*** Material shown ***

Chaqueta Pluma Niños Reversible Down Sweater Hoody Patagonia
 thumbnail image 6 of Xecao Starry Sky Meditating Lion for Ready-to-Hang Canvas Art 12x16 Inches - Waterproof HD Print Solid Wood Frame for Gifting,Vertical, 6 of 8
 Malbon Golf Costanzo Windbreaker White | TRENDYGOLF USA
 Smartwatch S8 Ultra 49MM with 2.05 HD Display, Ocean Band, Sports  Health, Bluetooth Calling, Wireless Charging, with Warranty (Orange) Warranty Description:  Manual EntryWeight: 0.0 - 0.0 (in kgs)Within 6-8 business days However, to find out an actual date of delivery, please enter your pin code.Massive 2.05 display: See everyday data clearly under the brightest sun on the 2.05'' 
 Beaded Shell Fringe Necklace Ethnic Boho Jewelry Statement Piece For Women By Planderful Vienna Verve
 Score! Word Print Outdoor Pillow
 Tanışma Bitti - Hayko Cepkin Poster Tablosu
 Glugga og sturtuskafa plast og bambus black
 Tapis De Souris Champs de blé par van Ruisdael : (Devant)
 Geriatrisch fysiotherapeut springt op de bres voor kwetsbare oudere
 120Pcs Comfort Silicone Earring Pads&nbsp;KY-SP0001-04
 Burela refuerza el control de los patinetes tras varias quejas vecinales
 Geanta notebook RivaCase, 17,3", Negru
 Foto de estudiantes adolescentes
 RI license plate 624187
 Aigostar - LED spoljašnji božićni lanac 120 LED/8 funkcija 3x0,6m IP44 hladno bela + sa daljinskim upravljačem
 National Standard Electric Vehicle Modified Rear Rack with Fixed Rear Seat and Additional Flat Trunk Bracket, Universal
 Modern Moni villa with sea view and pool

***

# Task instructions
Each line of the data that holds "with" should be copied.

# Answer space
 Smartwatch S8 Ultra 49MM with 2.05 HD Display, Ocean Band, Sports  Health, Bluetooth Calling, Wireless Charging, with Warranty (Orange) Warranty Description:  Manual EntryWeight: 0.0 - 0.0 (in kgs)Within 6-8 business days However, to find out an actual date of delivery, please enter your pin code.Massive 2.05 display: See everyday data clearly under the brightest sun on the 2.05'' 
 National Standard Electric Vehicle Modified Rear Rack with Fixed Rear Seat and Additional Flat Trunk Bracket, Universal
 Modern Moni villa with sea view and pool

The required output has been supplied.